Cut some small pieces of plastic from areas of the shed where they won't be missed using a scissors or utility knife. Plastic to look for are extra plastic tabs, overhanging pieces at the top or the bottom or extra pieces that originally came with the shed and are not being used. Conversely, if you know the type of plastic the shed is made of, like PVC or ABS, a hobby shop or arts and crafts store will carry these plastic pieces that you can use. These pieces will be the welding material used to repair the crack with.
Sand the area of the crack with a lightweight sandpaper to remove dirt, debris, surface oil and wax.

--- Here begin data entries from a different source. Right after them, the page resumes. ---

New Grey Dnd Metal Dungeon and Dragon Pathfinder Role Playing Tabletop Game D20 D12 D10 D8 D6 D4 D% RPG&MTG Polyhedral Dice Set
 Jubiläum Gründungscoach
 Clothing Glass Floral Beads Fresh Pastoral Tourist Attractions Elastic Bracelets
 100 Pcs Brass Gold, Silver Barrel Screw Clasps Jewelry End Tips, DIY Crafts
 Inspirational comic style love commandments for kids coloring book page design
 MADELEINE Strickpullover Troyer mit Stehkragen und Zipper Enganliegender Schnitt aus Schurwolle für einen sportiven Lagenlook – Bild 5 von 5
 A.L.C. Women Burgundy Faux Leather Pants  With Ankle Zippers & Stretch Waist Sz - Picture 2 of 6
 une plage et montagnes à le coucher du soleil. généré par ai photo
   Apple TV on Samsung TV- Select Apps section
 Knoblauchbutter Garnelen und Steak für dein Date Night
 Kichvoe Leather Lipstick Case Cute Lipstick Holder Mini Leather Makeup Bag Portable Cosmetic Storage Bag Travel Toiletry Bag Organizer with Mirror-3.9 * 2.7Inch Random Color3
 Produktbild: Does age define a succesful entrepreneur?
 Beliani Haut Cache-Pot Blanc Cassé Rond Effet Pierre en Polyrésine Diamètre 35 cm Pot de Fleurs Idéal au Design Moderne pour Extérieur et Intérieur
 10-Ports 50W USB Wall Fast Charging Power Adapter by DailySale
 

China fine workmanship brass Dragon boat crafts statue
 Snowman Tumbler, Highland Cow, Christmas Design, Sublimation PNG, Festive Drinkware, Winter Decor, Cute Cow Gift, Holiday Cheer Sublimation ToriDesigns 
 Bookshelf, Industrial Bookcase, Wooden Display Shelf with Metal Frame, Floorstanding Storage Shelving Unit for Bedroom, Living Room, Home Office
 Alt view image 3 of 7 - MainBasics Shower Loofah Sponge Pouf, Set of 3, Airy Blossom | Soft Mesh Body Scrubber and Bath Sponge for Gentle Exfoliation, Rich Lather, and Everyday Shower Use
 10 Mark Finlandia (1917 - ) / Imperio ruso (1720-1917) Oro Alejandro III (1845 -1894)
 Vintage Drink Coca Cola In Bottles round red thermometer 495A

Spot weld the crack together to keep it from spreading when you do the repair. Start at the top of the crack, spot weld the bottom of the crack next, then spot weld every inch back up to the top. Do this by melting each side of the crack slightly by applying the heated soldering gun onto the plastic. As the plastic begins to melt, feed in a piece of the plastic welding material that you have snipped to bridge the gap between the crack. The melted plastics will bond together and become solid when the plastic cools.
Melt a V-groove along the seam of the crack, from the top to the bottom. Use the soldering iron tip to impart the groove approximately two-thirds of the way through the plastic. This doesn't have to be exact, but what is important is that you do not melt completely through the plastic at any juncture.
Return to the top of the crack once the V-groove has been made, and begin feeding in the welding material. Melt both the material and the sides of the groove so that the welding material bonds with the V-groove. Don't worry about lumps, bumps or smoothness at this point. Just fill in the groove with melted plastic. Allow to cool when done.
Sand the repair smooth if so desired, using a lightweight sandpaper.